• **ACTIVITY**:
An exact copy of every record is the expected answer.

· · · · ·

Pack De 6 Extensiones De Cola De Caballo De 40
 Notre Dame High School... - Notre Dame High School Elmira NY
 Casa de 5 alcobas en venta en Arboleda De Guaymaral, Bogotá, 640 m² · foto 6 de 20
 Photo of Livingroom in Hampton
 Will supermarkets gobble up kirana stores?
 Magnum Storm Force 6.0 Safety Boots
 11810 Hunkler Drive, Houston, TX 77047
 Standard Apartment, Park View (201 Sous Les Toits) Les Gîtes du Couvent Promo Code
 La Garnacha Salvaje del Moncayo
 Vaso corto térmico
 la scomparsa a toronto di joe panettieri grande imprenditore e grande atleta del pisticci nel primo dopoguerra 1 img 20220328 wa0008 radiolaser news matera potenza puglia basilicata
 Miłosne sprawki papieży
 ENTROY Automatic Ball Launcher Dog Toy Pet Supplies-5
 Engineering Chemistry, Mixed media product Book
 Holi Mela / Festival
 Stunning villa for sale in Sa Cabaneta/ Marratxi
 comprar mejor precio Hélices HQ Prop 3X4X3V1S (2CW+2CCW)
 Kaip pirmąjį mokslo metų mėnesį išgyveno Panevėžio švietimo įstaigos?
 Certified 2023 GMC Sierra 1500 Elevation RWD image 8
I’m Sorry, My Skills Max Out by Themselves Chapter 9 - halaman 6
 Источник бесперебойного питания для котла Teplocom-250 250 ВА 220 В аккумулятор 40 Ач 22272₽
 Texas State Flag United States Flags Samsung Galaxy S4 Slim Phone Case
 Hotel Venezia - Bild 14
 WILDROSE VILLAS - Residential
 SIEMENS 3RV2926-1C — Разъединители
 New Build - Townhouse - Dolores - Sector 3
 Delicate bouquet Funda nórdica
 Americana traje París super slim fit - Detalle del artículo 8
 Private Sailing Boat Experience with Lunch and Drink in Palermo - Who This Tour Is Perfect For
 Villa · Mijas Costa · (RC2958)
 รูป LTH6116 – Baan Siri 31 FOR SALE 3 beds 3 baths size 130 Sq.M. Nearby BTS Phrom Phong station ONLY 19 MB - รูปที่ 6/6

· · · · ·

• **ANSWER SPACE**:
Pack De 6 Extensiones De Cola De Caballo De 40
 Notre Dame High School... - Notre Dame High School Elmira NY
 Casa de 5 alcobas en venta en Arboleda De Guaymaral, Bogotá, 640 m² · foto 6 de 20
 Photo of Livingroom in Hampton
 Will supermarkets gobble up kirana stores?
 Magnum Storm Force 6.0 Safety Boots
 11810 Hunkler Drive, Houston, TX 77047
 Standard Apartment, Park View (201 Sous Les Toits) Les Gîtes du Couvent Promo Code
 La Garnacha Salvaje del Moncayo
 Vaso corto térmico
 la scomparsa a toronto di joe panettieri grande imprenditore e grande atleta del pisticci nel primo dopoguerra 1 img 20220328 wa0008 radiolaser news matera potenza puglia basilicata
 Miłosne sprawki papieży
 ENTROY Automatic Ball Launcher Dog Toy Pet Supplies-5
 Engineering Chemistry, Mixed media product Book
 Holi Mela / Festival
 Stunning villa for sale in Sa Cabaneta/ Marratxi
 comprar mejor precio Hélices HQ Prop 3X4X3V1S (2CW+2CCW)
 Kaip pirmąjį mokslo metų mėnesį išgyveno Panevėžio švietimo įstaigos?
 Certified 2023 GMC Sierra 1500 Elevation RWD image 8
I’m Sorry, My Skills Max Out by Themselves Chapter 9 - halaman 6
 Источник бесперебойного питания для котла Teplocom-250 250 ВА 220 В аккумулятор 40 Ач 22272₽
 Texas State Flag United States Flags Samsung Galaxy S4 Slim Phone Case
 Hotel Venezia - Bild 14
 WILDROSE VILLAS - Residential
 SIEMENS 3RV2926-1C — Разъединители
 New Build - Townhouse - Dolores - Sector 3
 Delicate bouquet Funda nórdica
 Americana traje París super slim fit - Detalle del artículo 8
 Private Sailing Boat Experience with Lunch and Drink in Palermo - Who This Tour Is Perfect For
 Villa · Mijas Costa · (RC2958)
 รูป LTH6116 – Baan Siri 31 FOR SALE 3 beds 3 baths size 130 Sq.M. Nearby BTS Phrom Phong station ONLY 19 MB - รูปที่ 6/6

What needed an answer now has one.